Bushey Rail 5 minutes away, Buses 142/258 Grange Rd stop. Parking side street or HSBC bank in Haydens Rd close to the Hall.
I run regular workshops in this Brazilian dance, usually a Friday night or Sunday afternoon. Details will be published on here.
Learn some social dance steps for this fun dance from Brazil. It is one of the easier dances to get started with. Music is quiet happy and by end of the session, you will be able to dance some simple patterns. A typical Sunday session would be:
2pm-2.45pm Fundamental movements. In lines and then in couples
2.45pm-3.30pm- Developing some social dance patterns
3.30pm-Tea break/practice 10 minutes followed by guided practice time till 4.30pm
History of Forro
Forró (the music)
Forró, referring to the music and not the dance, encompasses today various musical styles. The musical style, which is at the origin of, and from which have grown out most musical styles today denoted as Forró, is the Forró of Luiz Gonzaga (and others such as Jackson do Pandeiro and Marinês).

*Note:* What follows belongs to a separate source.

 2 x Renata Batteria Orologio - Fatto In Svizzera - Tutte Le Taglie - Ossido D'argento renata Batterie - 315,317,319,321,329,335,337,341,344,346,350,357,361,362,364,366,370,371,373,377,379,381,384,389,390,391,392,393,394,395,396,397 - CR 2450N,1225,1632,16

This musical style, commonly called also Forró Pé-de-Serra, is usually based on a trio combination of an accordion (with a dry tuning, as opposed to the wet tunings used more commonly in Europe) and a rhythm section of a triangle and a zabumba (where the triangle keeps an ongoing pulse and the zabumba is responsible for the different syncopated rhythms in the Forró genre).

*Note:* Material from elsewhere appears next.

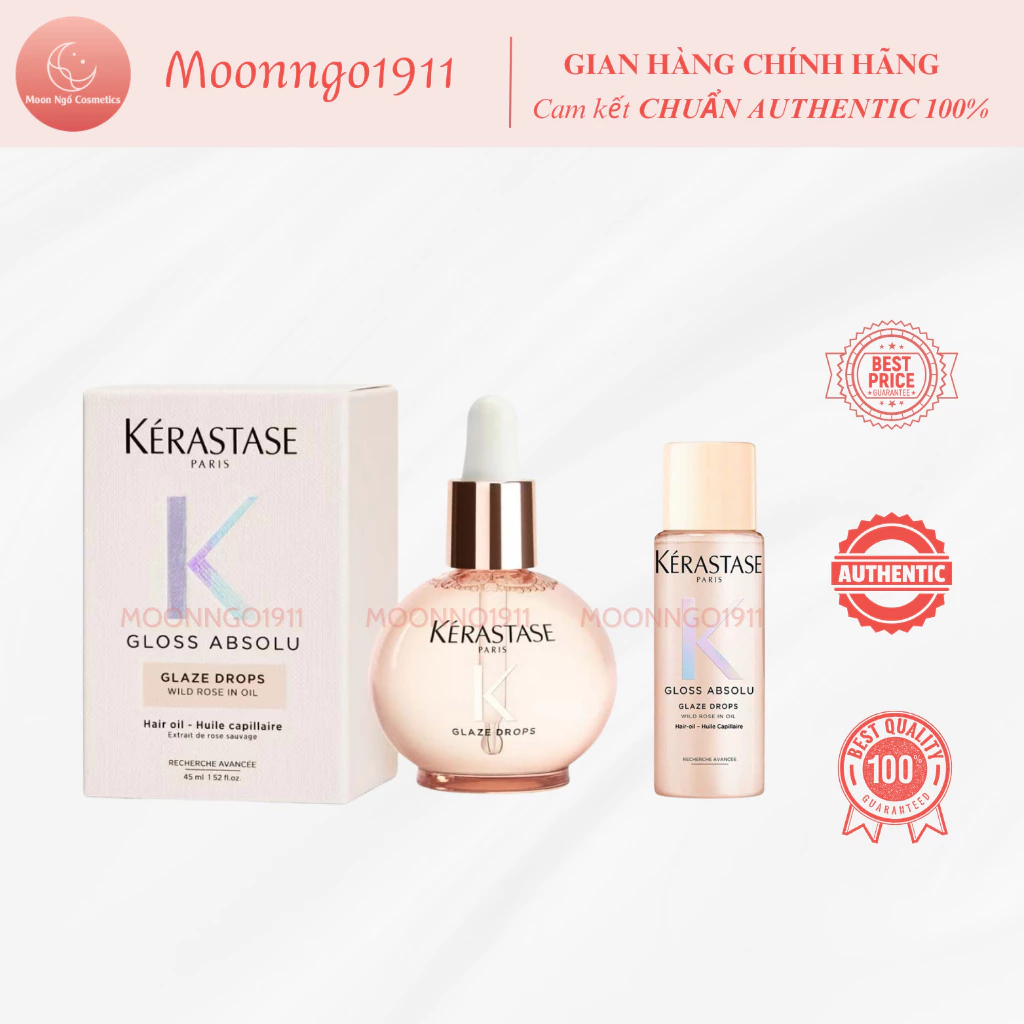 Dầu Dưỡng Tóc KERAS Gloss Absolu Glaze Drops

This combination of instruments was defined as the base of Forró by Luiz Gonzaga. Before Gonzaga other combinations have been commonly used. The combination of triangle with accordion is a combination that has already existed in European folk music before and is also used in Cajun music in the United States. Forró thus conserves a format of a small ensemble with multiple (in this case two) percussionists, something that also used be common in Europe and the United States before the invention of the growth of the popularity of the drum set.
This combination of instruments serves rather as a base and is not fixed, incorporating sometimes other instruments such as fiddle, flute, pandeiro, bass, cavaquinho and acoustic guitar.

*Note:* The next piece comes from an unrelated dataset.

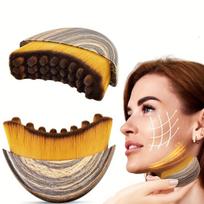 1/3 Pack Lymphatic Contour Facial Brush, Gua Sha Eye and Neck Care Brush, Lymphatic Contour Brush, Crescent Brush, Facial Brush, Ma black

The combination of zabumba and triangle is almost always part of the rhythm section of any Forró group.
The triangle keeps an ongoing pulse on all the four times of the (4/4) beat, while accentuating the third beat. In this sense, the function can be compared to the rhythm guitar or the hi-hat of the drum set in rock music, although the triangle accentuates the third beat more strongly with its high pitched metallic sound, being damped to give a fainter and drier sound on the other beats. The zabumba, which is played on both sides, on one side giving a grave sound and on the other a sharp whip-like sound, plays the syncopated rhythms essential to Forró.
From the melodic and harmonic point of view, Forró makes heavy use of the Escala nordestina (literally North-eastern scale), which could be characterised as being a mixture of the Lydian and Mixo-lydian modes. The North-eastern scale represents the basis of a large part of the more traditional Forró and the Forro Pé-de-Serra, in similar way as the blues scale is the basis for the music of the Mississippi Delta. The Escala nordestina is most evident in pieces such as Vem Morena, Baião of Luiz Gonzaga. The accordion is the typical melody instrument used in Forró, and is sometimes called the “Soul of Forró” or the “Soul of the Sertão”, referring the region where Forró has originated.
As Forró diversified away from its roots, it has incorporated other influences, and more significantly, diversified into quite distinct musical styles
Forro dancing styles are informally often grouped into two main “families”, simply for practical reasons: The older Nordestino (North-eastern) type of Forro and the Universitário (University) Forro that developed later in the South.
Nordestino forro is danced with the couple much closer together, with their legs often inter-twined and a characteristic sideways shuffle movement. Because of the intimacy, there are not as many step variations in this style.
Universitário forro, with its origins in the big southern cities of Brazil, is the more popular style outside of the north-east. Its basic step is forward-backwards – slightly similar to traditional Bolero or Salsa. With more space between the pair, many more moves, steps and turns are possible than in Nordestino styles. The more common steps include:
Dobradiça – the couple opens to the side;
Caminhada – simple step of the couple to the front or the back;
Comemoração – balancing step, with the man’s leg between the ladies’;
Giros – a variety of turns, both simple and ones involving both dancers;
Oito – a movement of both dancers around each other, side by side.
Universitário forro supposedly evolved from (and is still very similar to) the pé-de-serra/baião styles, while Nordestino is used to refer to the styles more like the original xote.